Somewhere in New York

August 19, 2013 - Somewhere in New York. Listening to the BBC on my radio, through my I phone - what a world.... My CD player broke, but through a contraption my Brother Paul loaned me, I have been able to listen to BBC most of the time. Such a different take from our news. Warning in advance: this is a political entry....

I've been struck in the listening of both BBC and NPR about the utter black and white of the reporting on Egypt, a subject I do know a little about. I'm not sure how I fully feel about all I am seeing going on, but I do know this: the Egyptians as a whole are fed up with the Brotherhood and appear to be fully supportive of the response of the military - with the exception of the Brotherhood.

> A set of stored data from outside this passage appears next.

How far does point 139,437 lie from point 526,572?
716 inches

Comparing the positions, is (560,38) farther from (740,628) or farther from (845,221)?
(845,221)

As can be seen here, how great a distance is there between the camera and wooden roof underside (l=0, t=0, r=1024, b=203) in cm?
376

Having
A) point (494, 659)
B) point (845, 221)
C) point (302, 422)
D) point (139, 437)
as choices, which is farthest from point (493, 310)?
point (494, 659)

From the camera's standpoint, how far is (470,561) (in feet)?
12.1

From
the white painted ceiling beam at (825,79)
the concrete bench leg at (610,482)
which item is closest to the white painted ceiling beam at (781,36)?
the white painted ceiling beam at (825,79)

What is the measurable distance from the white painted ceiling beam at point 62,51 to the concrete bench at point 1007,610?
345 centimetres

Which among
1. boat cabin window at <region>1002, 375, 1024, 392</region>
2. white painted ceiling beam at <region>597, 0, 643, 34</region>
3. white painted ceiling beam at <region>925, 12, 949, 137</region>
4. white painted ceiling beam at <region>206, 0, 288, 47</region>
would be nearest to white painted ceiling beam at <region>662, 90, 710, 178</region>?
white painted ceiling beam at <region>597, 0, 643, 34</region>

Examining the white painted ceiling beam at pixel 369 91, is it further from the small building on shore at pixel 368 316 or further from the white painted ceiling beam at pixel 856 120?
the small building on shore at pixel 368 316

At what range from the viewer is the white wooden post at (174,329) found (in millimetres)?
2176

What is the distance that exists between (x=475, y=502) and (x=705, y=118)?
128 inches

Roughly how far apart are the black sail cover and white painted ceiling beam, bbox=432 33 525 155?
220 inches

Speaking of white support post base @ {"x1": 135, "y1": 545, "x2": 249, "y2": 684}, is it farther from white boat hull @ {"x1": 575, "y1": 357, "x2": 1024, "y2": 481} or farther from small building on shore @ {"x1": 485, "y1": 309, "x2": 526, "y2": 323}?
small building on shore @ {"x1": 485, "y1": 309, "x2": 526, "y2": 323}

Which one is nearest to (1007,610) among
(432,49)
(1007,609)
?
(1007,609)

Most people over here will have missed the Grand Imam of Al Azhar's call to the Brotherhood to stand down. Al Azhar is the respected center of learning and the spiritual center of Sunni Islam. They and others on the ground know this history of flawed elections. They attempted to work with the Brotherhood leadership, but that leadership was committed to its limited vision of the state - to the exclusion of the at least three quarters of the population who did not initially select the former President, Morsi. Few people recall that Morsi only won 25% of the vote in the Presidential election - and triumphed in a close run off over a Mubarak regime candidate 51.8% to 48.2%. Far from a mandate - this was an invitation to work to build a grand coalition that could have set Egypt on a path of stability and possibility. Over 50% of the population had picked candidates that supported reform and the revolution rather than the former regime or Morsi's Brotherhood. Morsi chose instead to try and accrue all power to himself - even declaring this past December that his edicts could not be challenged. Few also either forget or did not know that it was Morsi who removed the last head of the military (Tantawi) and replaced him with his personal pick: al-Sisi, who is still the Defense Minister and the architect of both Morsi's removal and the crackdown.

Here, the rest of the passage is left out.